Indústria de alimentos consolida Goiás como potência econômica e projeta expansão
Setor de alimentos movimentou R$ 110 bilhões em 2025, ocupa a quarta posição nacional e sustenta mais de 550 mil postos de trabalho entre empregos diretos e indiretos
A indústria de alimentos segue como uma das engrenagens mais robustas da economia goiana e deve ampliar sua relevância em 2026. A expectativa do setor é de crescimento de até 5% no próximo ano, segundo o balanço anual divulgado pela Associação Brasileira da Indústria de Alimentos (Abia), após encerrar 2025 com faturamento de R$ 110,1 bilhões e consolidar Goiás na quarta posição entre os maiores polos da indústria alimentícia do Brasil, atrás apenas de São Paulo, Paraná e Minas Gerais.

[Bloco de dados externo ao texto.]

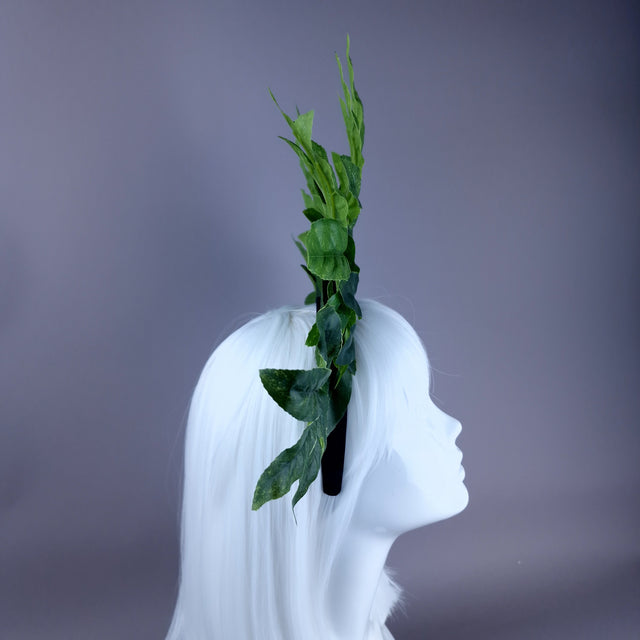 "Mary Jane" Leaf Halo Headpiece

Os números reforçam uma característica estratégica da economia estadual: a capacidade de transformar a força do agronegócio em valor agregado dentro do próprio território. Hoje, 59,7% de toda a produção agropecuária goiana abastece a indústria de alimentos, índice que evidencia a integração entre o campo e o parque fabril e fortalece uma cadeia produtiva que vai além da produção rural, alcançando transporte, logística, embalagens, distribuição e exportação.
Na prática, esse modelo reduz a dependência da venda de commodities in natura e amplia a retenção de riqueza no Estado. Ao transformar matéria-prima em produtos industrializados, Goiás amplia margens de receita, fortalece a arrecadação tributária e gera empregos em diferentes níveis da cadeia econômica.
O peso do segmento também aparece na composição industrial do Estado. Dados da Pesquisa Industrial Anual (PIA), do Instituto Brasileiro de Geografia e Estatística (IBGE), mostram que a indústria de alimentos responde por 54,9% da receita líquida de todo o parque industrial goiano, índice que coloca o setor como principal força da transformação industrial local.
“Quando um setor responde por 54,9% da receita líquida industrial e é o maior gerador de valor de transformação de Goiás, a questão não é mais sobreviver, é evoluir dentro do segmento”, explica o economista Cláudio Henrique de Oliveira, membro do Conselho Regional de Economia de Goiás (Corecon GO).
O avanço do setor acompanha uma tendência nacional de expansão da indústria alimentícia. Em 2025, o segmento movimentou R$ 1,388 trilhão no Brasil, o equivalente a 10,8% do Produto Interno Bruto (PIB), com crescimento superior a 8%. Dentro desse cenário, Goiás ampliou sua participação e passou a responder por 7,9% de toda a produção nacional de alimentos.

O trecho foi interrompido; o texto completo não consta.